┌─ Information supplied
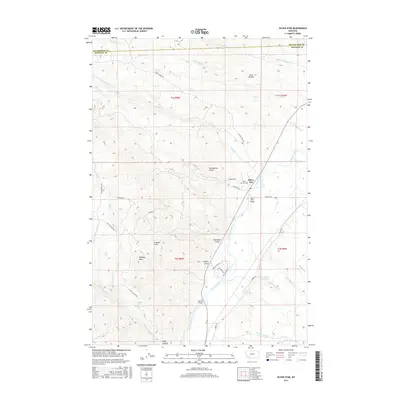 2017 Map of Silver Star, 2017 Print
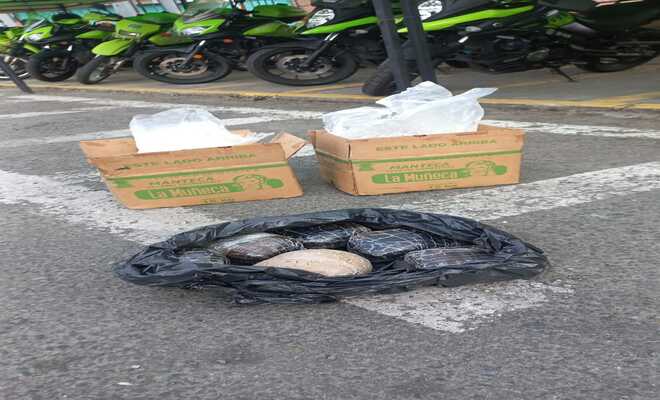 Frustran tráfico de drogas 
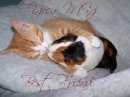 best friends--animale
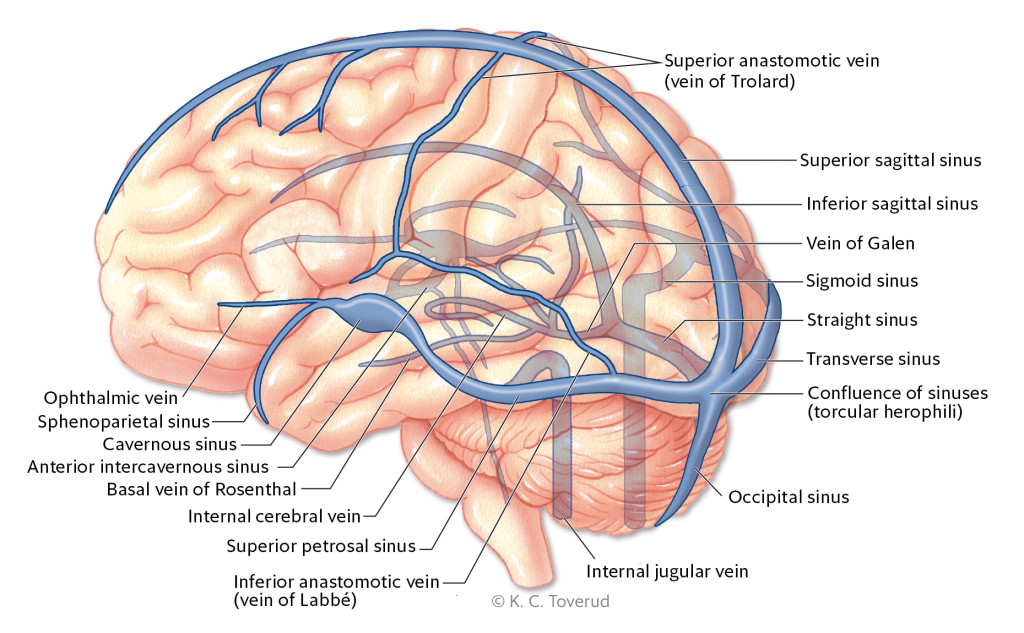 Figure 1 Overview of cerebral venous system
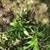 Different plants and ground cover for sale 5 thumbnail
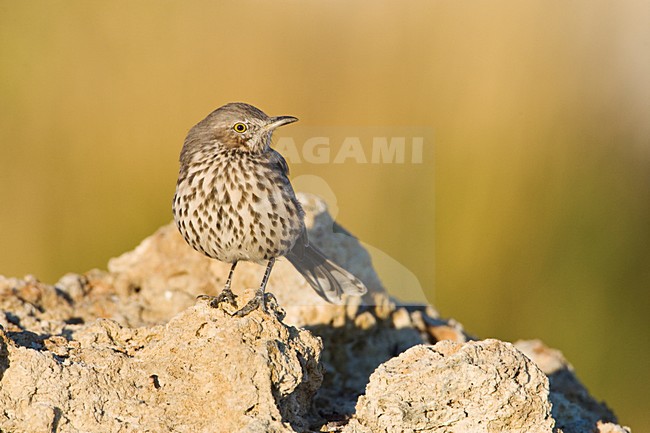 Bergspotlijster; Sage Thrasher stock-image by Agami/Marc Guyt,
└─
┌─ Information supplied
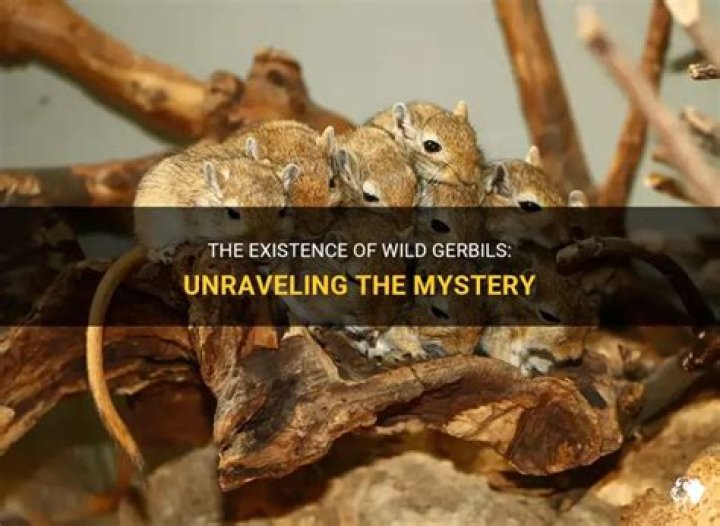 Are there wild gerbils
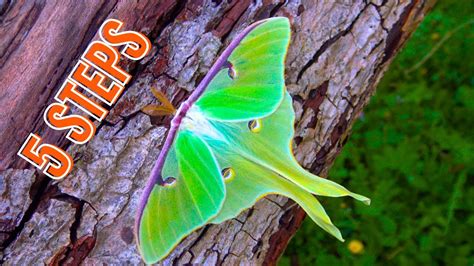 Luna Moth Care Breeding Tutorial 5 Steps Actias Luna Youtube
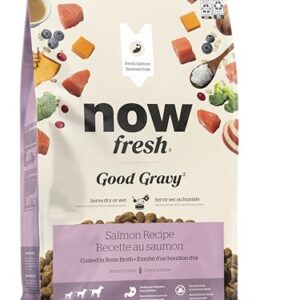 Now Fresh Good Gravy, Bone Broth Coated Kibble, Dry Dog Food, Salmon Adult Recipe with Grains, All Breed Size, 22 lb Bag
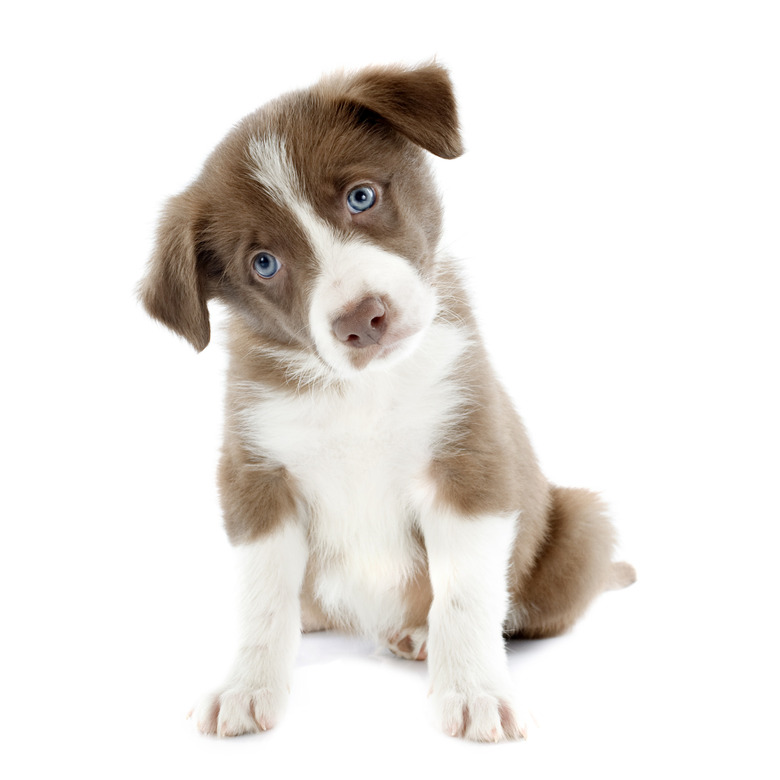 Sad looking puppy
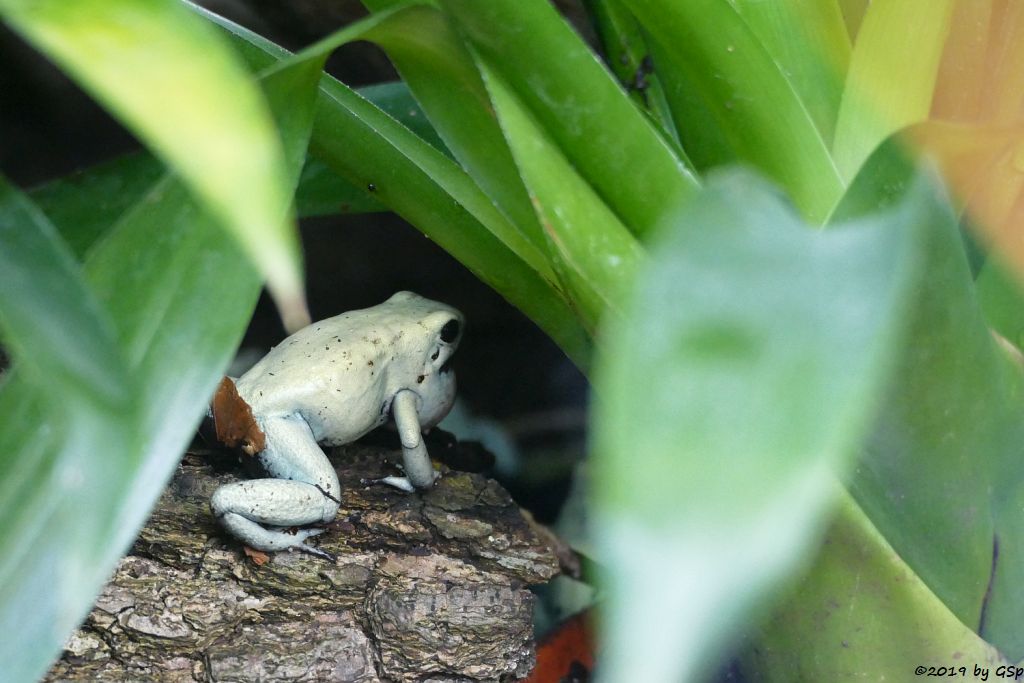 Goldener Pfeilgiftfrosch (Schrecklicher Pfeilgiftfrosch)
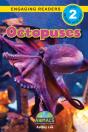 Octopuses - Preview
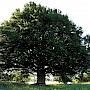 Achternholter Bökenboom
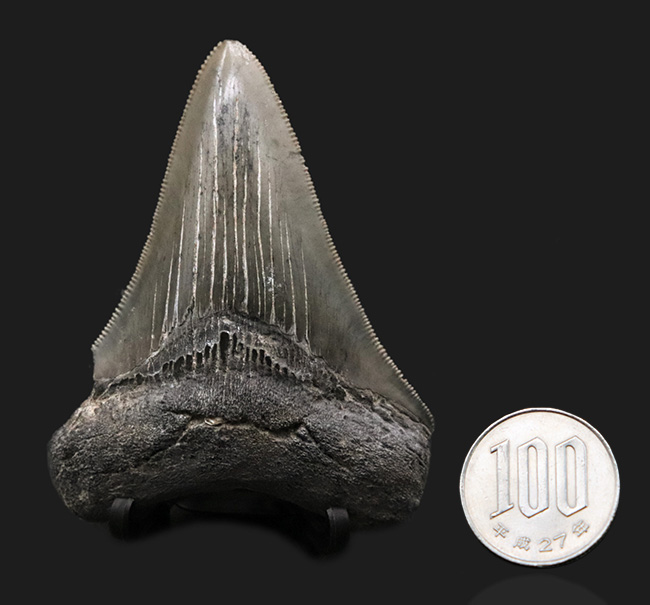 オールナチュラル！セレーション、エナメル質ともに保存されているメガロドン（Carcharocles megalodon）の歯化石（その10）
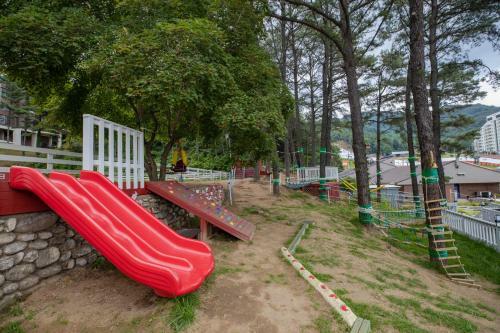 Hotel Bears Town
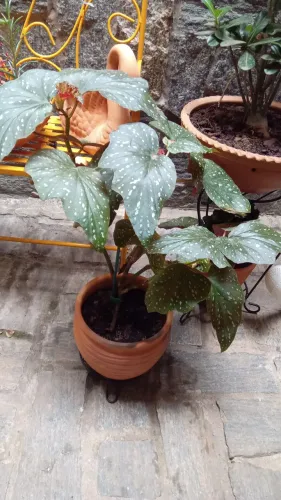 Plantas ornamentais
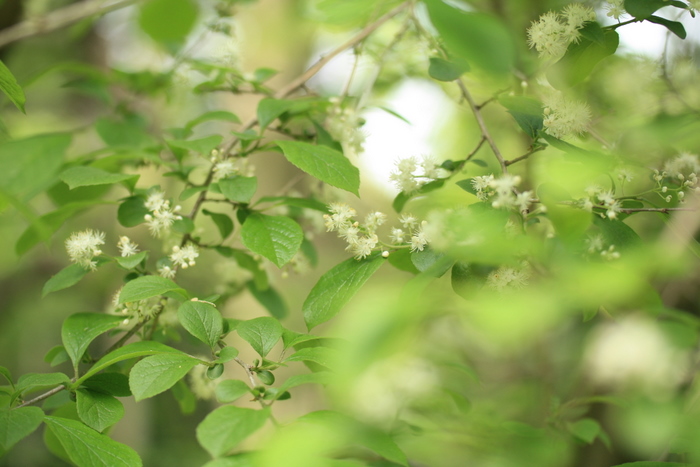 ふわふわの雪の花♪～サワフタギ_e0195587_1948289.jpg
└─
§ **Work task**:
Though the entries above contain pictures, none should be copied; reproduce only the lines between the one holding "best friends--animale" and the one holding "Bergspotlijster; Sage Thrasher", inclusive, exactly as written.

§ **Reply to the exercise**:
 best friends--animale
 Figure 1 Overview of cerebral venous system
 Different plants and ground cover for sale 5 thumbnail
 Bergspotlijster; Sage Thrasher stock-image by Agami/Marc Guyt,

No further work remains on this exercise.